Whether Sidney Reilly, born Sigmund (or possibly Shlomo) Rosenblum in Odessa in 1874 (or possibly 1872), belongs in such exalted company is questionable. He would certainly have thought he did: at various times he compared himself favourably to Napoleon and Jesus. Others may beg to differ.
He did everything in his power to deny his Jewishness, though fooling nobody at all as far as one can see, and his life, though dramatic, was essentially a failure.
His name lives on because he was said to have been the greatest secret agent of his generation, working mainly in Russia in the turbulent years between 1905 and 1925, when he was executed by the Bolsheviks. He is even said to have been the model for James Bond.
The principal similarity between the two is that Reilly was a tremendous womaniser, although, unlike Bond, he was always getting married: the final headcount of wives is uncertain.
He was cosmopolitan — speaking several languages fluently — imaginative, daring and mysterious, the ideal qualities for an agent. He fancied himself as a businessman and indeed made a lot of money at various times, all of which he spent on gambling and high living.
His main employer was MI6, by whom he was recruited after he fetched up in London aged 20, escaping from the Russian secret police.He took the name Reilly in 1899, later claiming to have been born in a village in Tipperary. He made his reputation by buying arms for Russia in New York during the First World War, gleaning invaluable intelligence about German arms deals which he passed on to MI6 — and possibly others.
Back in London, Mansfield Cumming — “C”, the agency’s legendary first director — sent him on many important missions but Reilly never shook off the aura of shadiness and duplicity. Indeed, Cumming described him as “a man of indomitable courage, a genius as an agent but a sinister man whom I could never bring myself wholly to trust”.
Reilly’s boldest act as an agent was to try to topple the Bolshevik government in the newly created Soviet Union in 1918.

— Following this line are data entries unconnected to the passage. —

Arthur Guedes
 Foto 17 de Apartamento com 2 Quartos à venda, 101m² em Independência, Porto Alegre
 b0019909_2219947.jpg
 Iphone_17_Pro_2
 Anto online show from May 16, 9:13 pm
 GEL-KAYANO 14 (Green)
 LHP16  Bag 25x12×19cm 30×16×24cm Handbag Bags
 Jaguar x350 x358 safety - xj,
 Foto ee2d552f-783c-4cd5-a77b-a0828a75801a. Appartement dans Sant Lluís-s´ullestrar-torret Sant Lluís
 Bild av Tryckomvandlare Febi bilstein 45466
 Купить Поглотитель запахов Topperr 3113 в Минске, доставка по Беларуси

Working with Britain’s agent in Moscow, RHB Lockhart, he set up a network of conspirators, but it was infiltrated from the start by the secret police, the Cheka. Reilly planned to assassinate Lenin, Trotsky and other Bolshevik leaders at a meeting in the Bolshoi Theatre, a suitable dramatic setting. Lenin was indeed shot and severely wounded by the Jewish revolutionary Fanny Kaplan but the Cheka smashed the network before the coup could be staged.
Although under sentence of death, Reilly evaded capture, lying low in a brothel among other safe houses before getting away by ship to Helsinki.
Cut loose by MI6 in 1920, he resurrected his business career while plotting with anti-Bolshevik exiles as a freelance agent.
His luck finally ran out in 1925 when he was lured back into Russia by a supposed monarchist group that was in reality run by the Cheka. It was almost as if he had a death wish. He was interrogated at length until being taken out and shot. He was still only in his early forties.
Benny Morris, as one would expect from such a distinguished historian, has produced an excellent summary of a tumultuous period, full of colourful and exotic figures. But one of them remains elusive: Reilly himself. What motivated him? Why was he so desperate to shed his Jewish identity? What made Sigmund/Sidney run? We’re none the wiser at the end.